→ **Description of the task**: An exact copy of the lines from the start of the material below through the line containing "Item preview, Best" is the required answer, and it includes no pictures.

→ **The data**:
━━━━━━

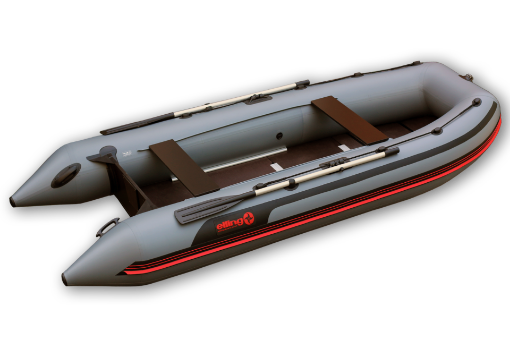 Nafukovací čluny Elling - Pilot 430 s pevnou podlahou, šedý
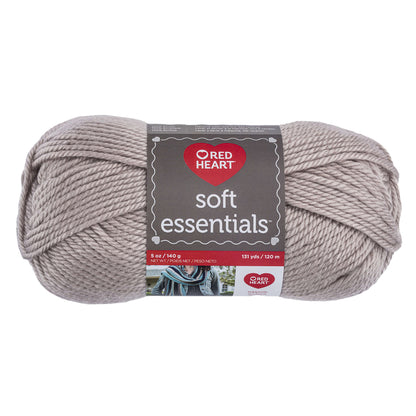 Red Heart Soft Essentials Yarn - Discontinued Shades Essentials Biscuit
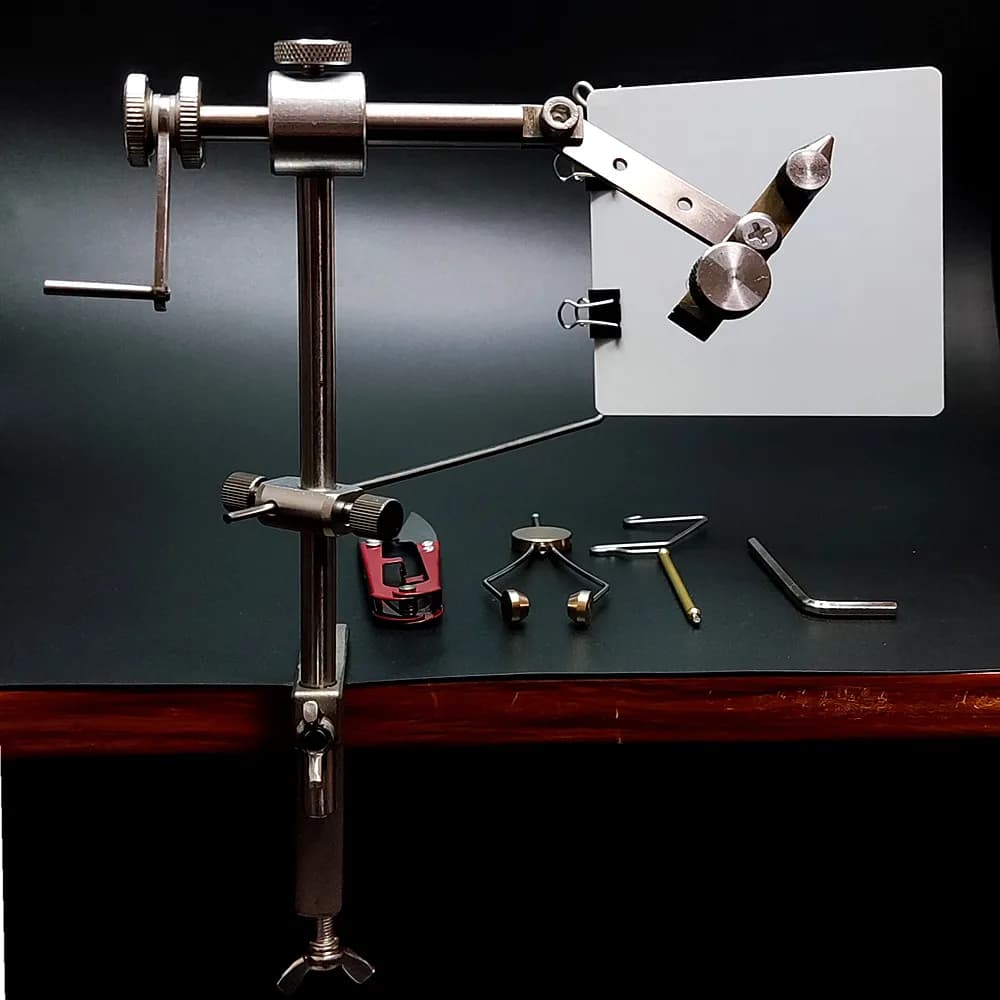 1pc 360 Degree Rotatable Fly Tying Tool, Fly Bait Making Tool, Fly Tying Vise For Making Trout Salmon Fishing Lure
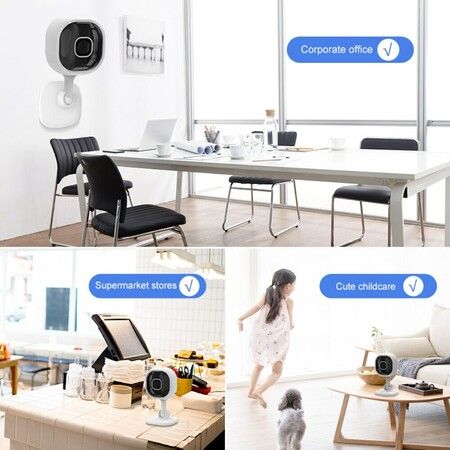 1080p Clear View Mini Smart WiFi Camera with Remote Wireless Monitoring for Security and Surveillance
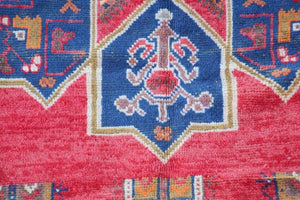 1960s Moroccan Vintage Hand-Woven Berber Rug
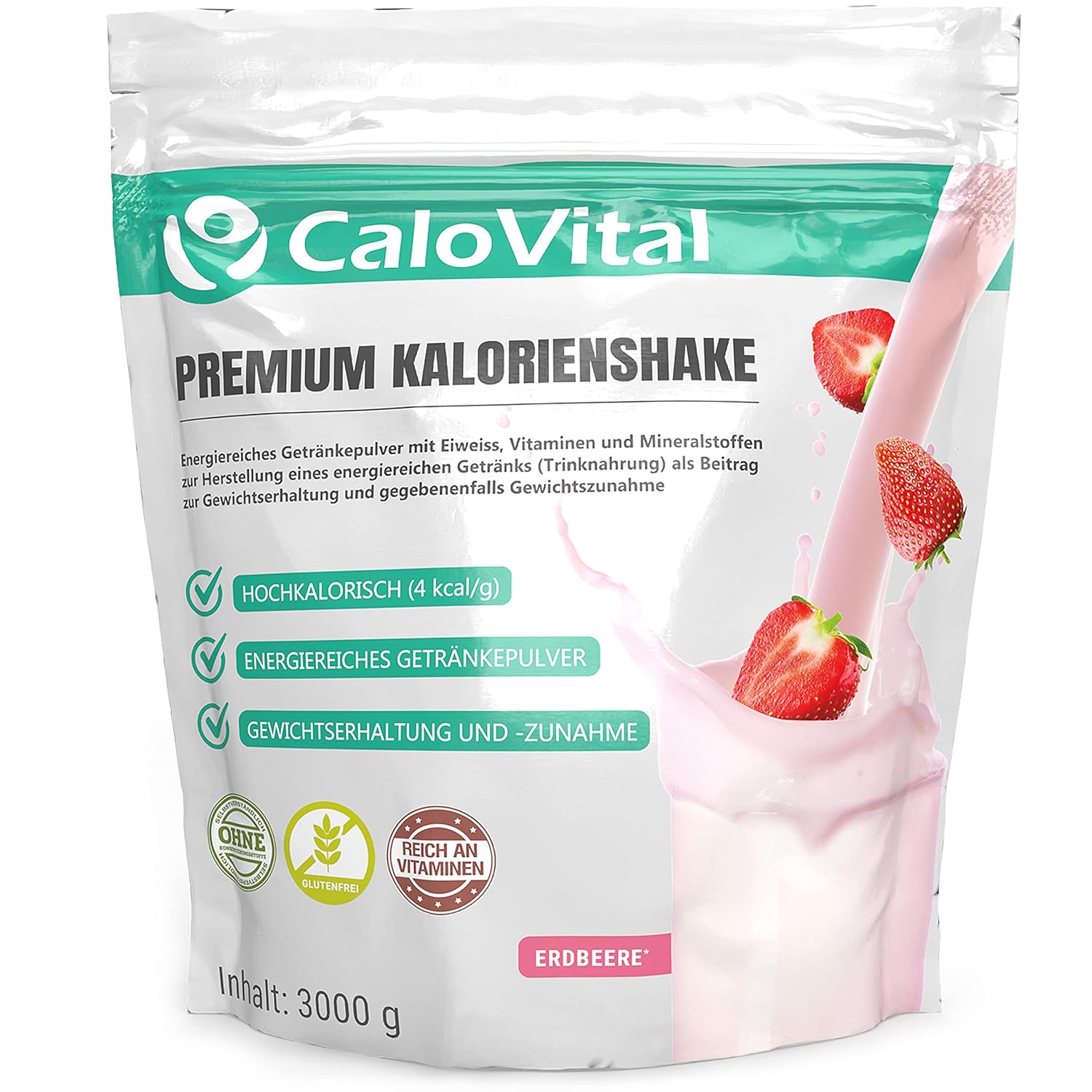 CaloVital- Premium Kalorienshake, Hochkalorische Trinknahrung- Gewichtszunahme Getränke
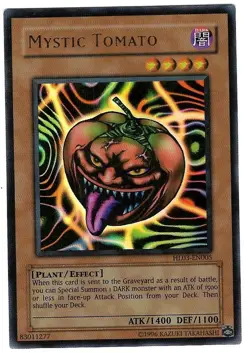 YUGIOH - MYSTIC TOMATO - HOBBY LEAGUE 3 - ULTRA PARALLEL RARE - HL03-EN005 - Image 1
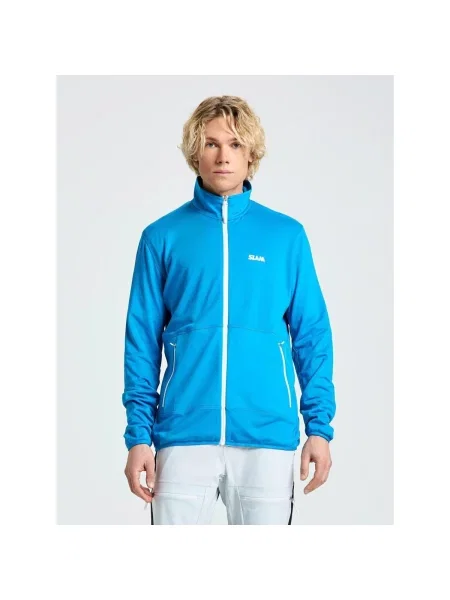 Hanorac din fleece Slam din fleece albastru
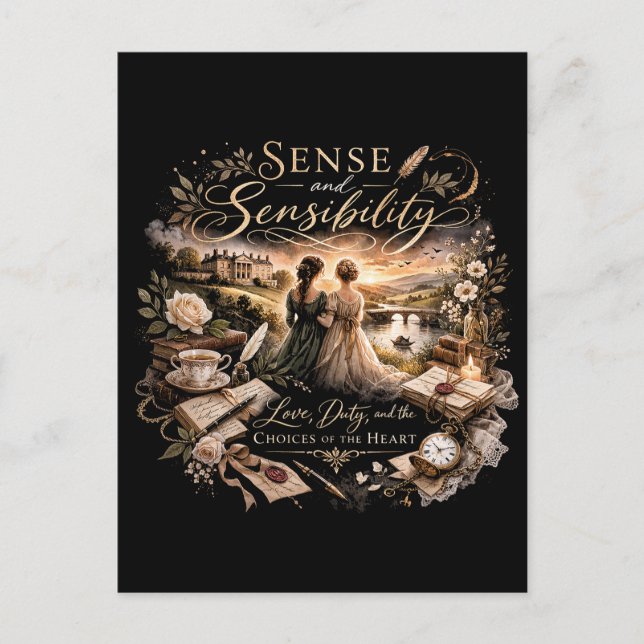 Carte Postale Raison et Sensibilité (Devant)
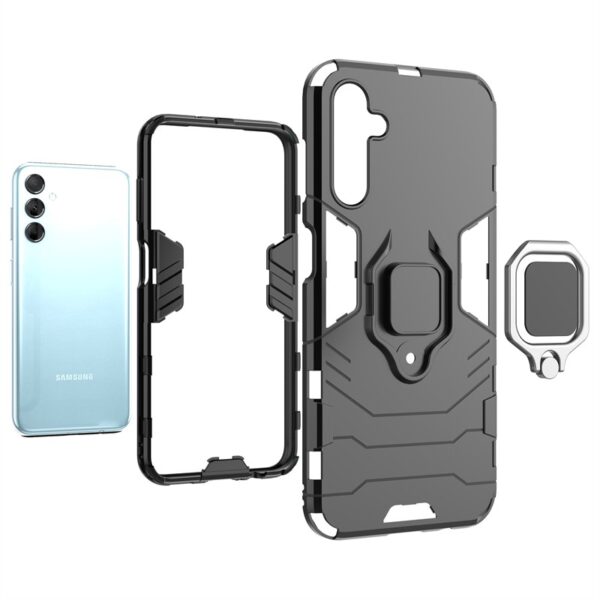 Panther Stand Ring Case for Samsung Galaxy M14 5G M54 M34 M13 4G M53 M33 M23 M52 M32 M51 M31S M01 M31 M21S Hard Back Cover Cases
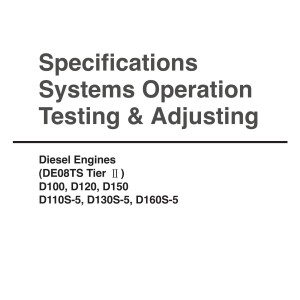 Daewoo Diesel Engine DE08TS Testing Adjusting SB4097E01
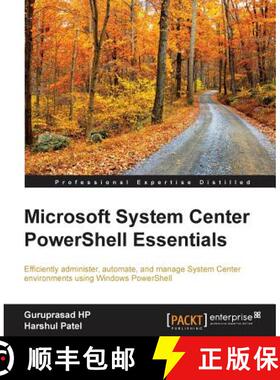 预订 Microsoft System Center PowerShell Essentials [9781784397142]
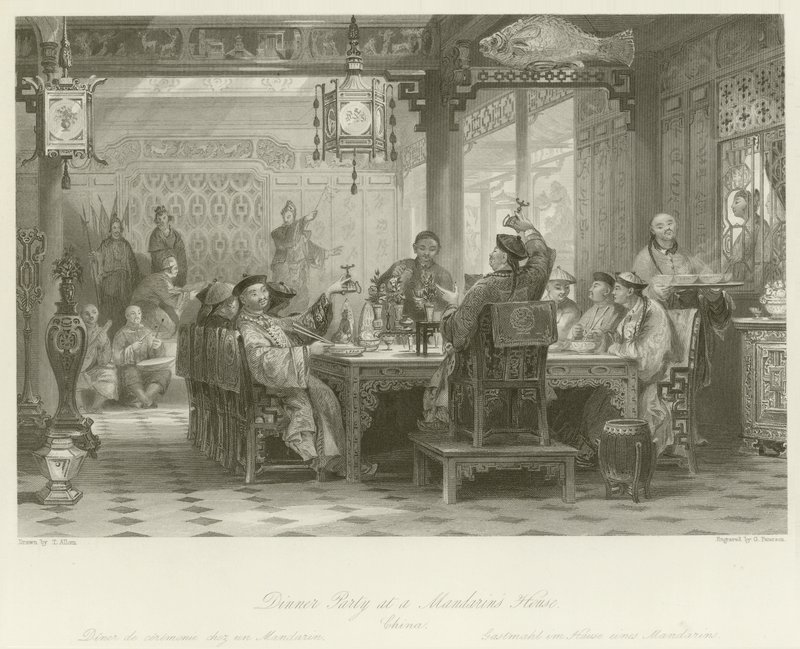 Kolacja w domu Mandaryna autorstwa Thomas Allom
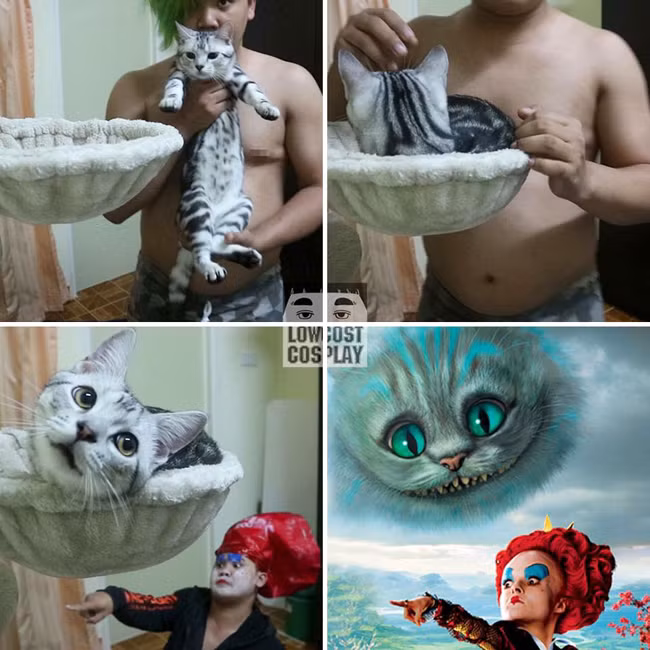 chang trai ba dao khien dan me cosplay "giat minh" hinh anh 7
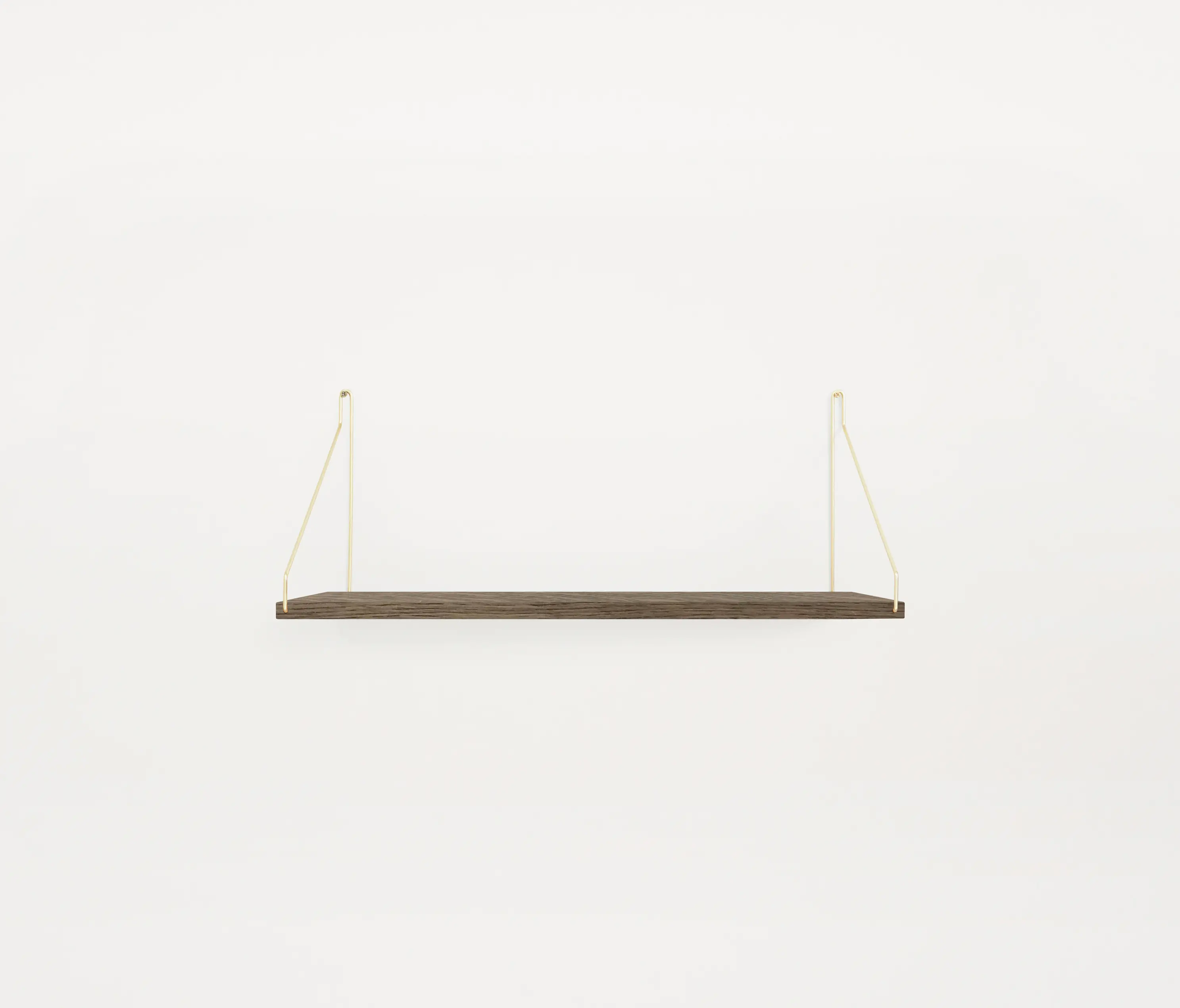 Frama - Shelf Dark Oiled | 60w-27d Brass Brackets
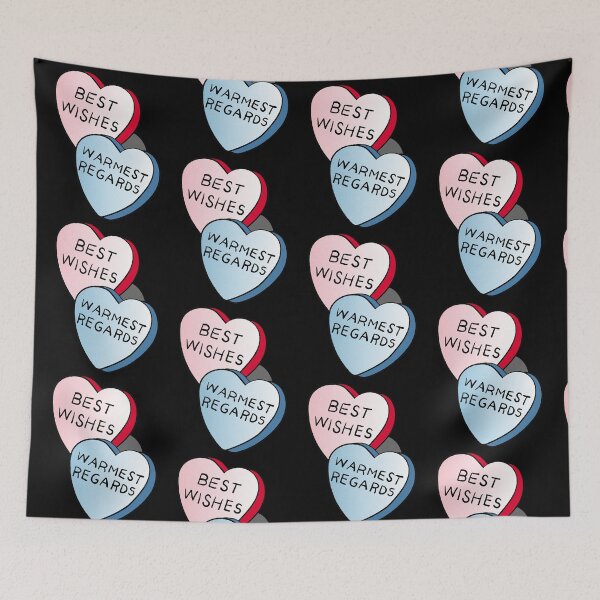 Item preview, Best Wishes, Warmest Regards on candy. David Rose and Stevie banter awkwardly in Schitt's Creek at the Rosebud Moteel designed and sold by The-Goods.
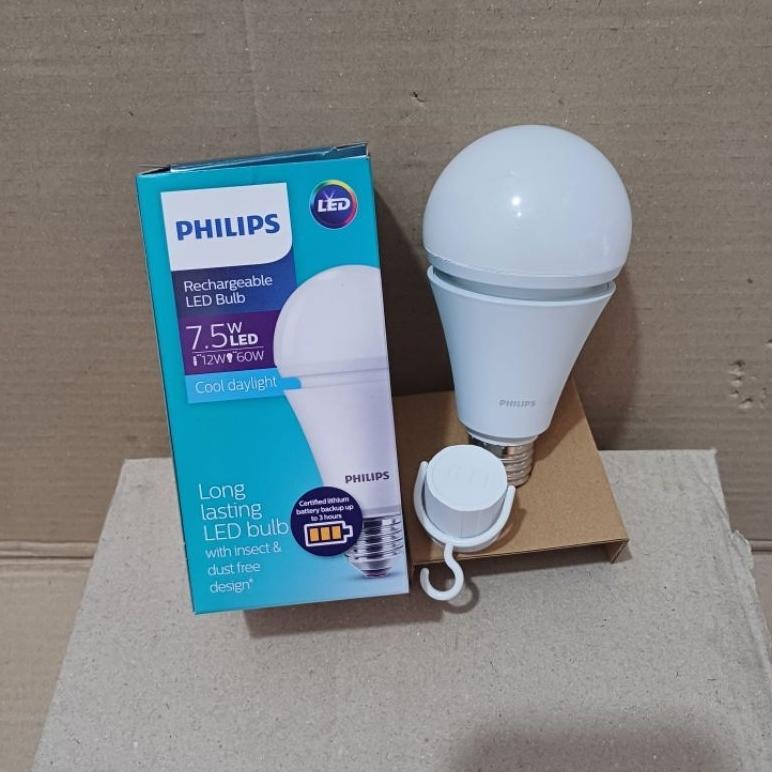 Lampu EMERGENCY PHILIPS led 13watt tahan 3 jam Lampu emergency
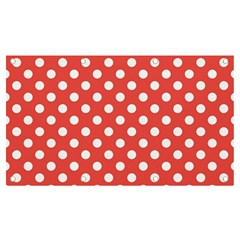 Polka-dots-red White,polkadot Banner And Sign 7  X 4  by nateshop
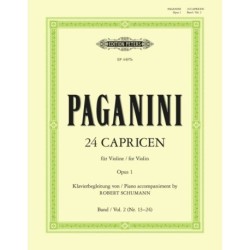 24 Caprices with Piano accompaniment, Vol.2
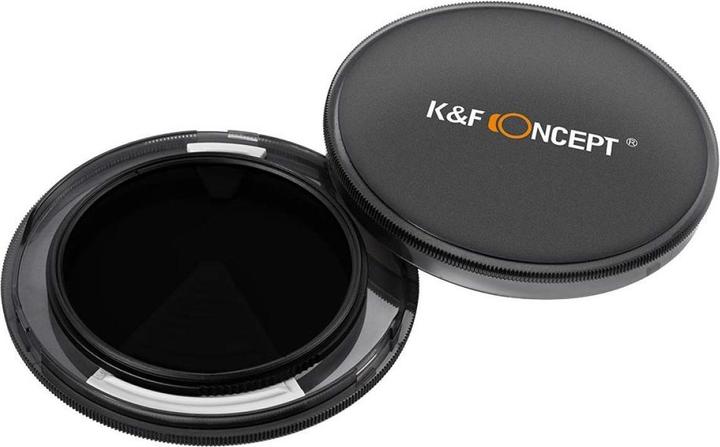 Productafbeelding K&F Concept ND1000 Filter Nano X 10 Stops Grey Filter 72mm (KF-01.1005) (72 mm, ND / grijsfilter)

━━━━━━

→ **Written response**:
 Nafukovací čluny Elling - Pilot 430 s pevnou podlahou, šedý
 Red Heart Soft Essentials Yarn - Discontinued Shades Essentials Biscuit
 1pc 360 Degree Rotatable Fly Tying Tool, Fly Bait Making Tool, Fly Tying Vise For Making Trout Salmon Fishing Lure
 1080p Clear View Mini Smart WiFi Camera with Remote Wireless Monitoring for Security and Surveillance
 1960s Moroccan Vintage Hand-Woven Berber Rug
 CaloVital- Premium Kalorienshake, Hochkalorische Trinknahrung- Gewichtszunahme Getränke
 YUGIOH - MYSTIC TOMATO - HOBBY LEAGUE 3 - ULTRA PARALLEL RARE - HL03-EN005 - Image 1
 Hanorac din fleece Slam din fleece albastru
 Carte Postale Raison et Sensibilité (Devant)
 Panther Stand Ring Case for Samsung Galaxy M14 5G M54 M34 M13 4G M53 M33 M23 M52 M32 M51 M31S M01 M31 M21S Hard Back Cover Cases
 Daewoo Diesel Engine DE08TS Testing Adjusting SB4097E01
 预订 Microsoft System Center PowerShell Essentials [9781784397142]
 Kolacja w domu Mandaryna autorstwa Thomas Allom
 chang trai ba dao khien dan me cosplay "giat minh" hinh anh 7
 Frama - Shelf Dark Oiled | 60w-27d Brass Brackets
 Item preview, Best Wishes, Warmest Regards on candy. David Rose and Stevie banter awkwardly in Schitt's Creek at the Rosebud Moteel designed and sold by The-Goods.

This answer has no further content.